Lycurgus

Plutarch

Plutarch. Plutarch's Lives, Vol. I. Perrin, Bernadotte, translator. Cambridge, MA: Harvard University Press; London: William Heinemann Ltd., 1914.

When the boys reached this age, they were favoured with the society of lovers from among the reputable young men. The elderly men also kept close watch of them, coming more frequently to their places of exercise, and observing their contests of strength and wit, not cursorily, but with the idea that they were all in a sense the fathers and tutors and governors of all the boys. In this way, at every fitting time and in every place, the boy who went wrong had someone to admonish and chastise him.

Nor was this all; one of the noblest and best men of the city was appointed paedonome, or inspector of the boys, and under his directions the boys, in their several companies, put themselves under the command of the most prudent and warlike of the so called Eirens. This was the name given to those who had been for two years out of the class of boys, and Melleirens, or Would-be Eirens, was the name for the oldest of the boys. This eiren, then, a youth of twenty years, commands his subordinates in their mimic battles, and in doors makes them serve him at his meals.

He commissions the larger ones to fetch wood, and the smaller ones potherbs. And they steal what they fetch, some of them entering the gardens, and others creeping right slyly and cautiously into the public messes of the men; but if a boy is caught stealing, he is soundly flogged, as a careless and unskilful thief. They steal, too, whatever food they can, and learn to be adept in setting upon people when asleep or off their guard.

But the boy who is caught gets a flogging and must go hungry. For the meals allowed them are scanty, in order that they may take into their own hands the fight against hunger, and so be forced into boldness and cunning. This is the main object of their spare diet; a secondary one is to make them grow tall. For it contributes to height of stature when the vitality is not impeded and hindered by a mass of nourishment which forces it into thickness and width, but ascends of its own lightness, and when the body grows freely and easily.

The same tiling seems also to conduce to beauty of form; for lean and meagre habits yield more readily to the force of articulation, whereas the gross and over-fed are so heavy as to resist it. Just so, we may be sure, women who take physic while they are pregnant, bear children which are lean, it may be, but well-shaped and fine, because the lightness of the parent matter makes it more susceptible to moulding. However, the reason for this I must leave for others to investigate.

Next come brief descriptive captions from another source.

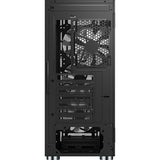 Montech x3 mesh midi tower behuizing (zwart | 3x usb-a | rgb | tempered glass)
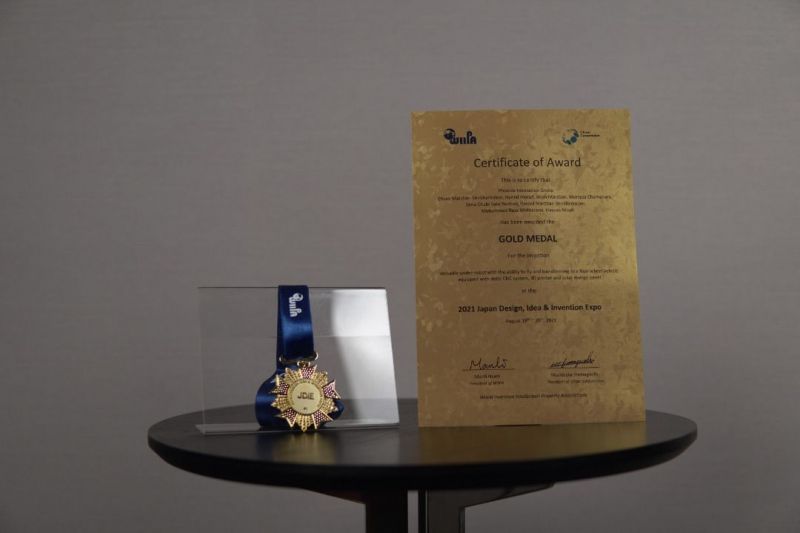 کسب مدال طلای جهانی مخترعین ایرانی در مسابقات جهانی اختراعات مالزی و ژاپن در سال 2021 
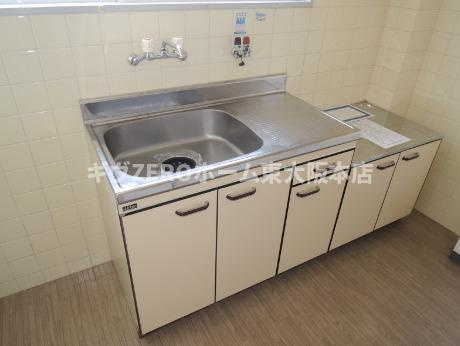 ビートル山本北のキッチン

The boys make such a serious matter of their stealing, that one of them, as the story goes, who was carrying concealed under his cloak a young fox which he had stolen, suffered the animal to tear out his bowels with its teeth and claws, and died rather than have his theft detected. And even this story gains credence from what their youths now endure, many of whom I have seen expiring under the lash at the altar of Artemis Orthia.

The eiren, as he reclined after supper, would order one of the boys to sing a song, and to another would put a question requiring a careful and deliberate answer, as, for instance, Who is the best man in the city? or, What thinkest thou of this man’s conduct? In this way the boys were accustomed to pass right judgements and interest themselves at the very outset in the conduct of the citizens. For if one of them was asked who was a good citizen, or who an infamous one, and had no answer to make, he was judged to have a torpid spirit, and one that would not aspire to excellence.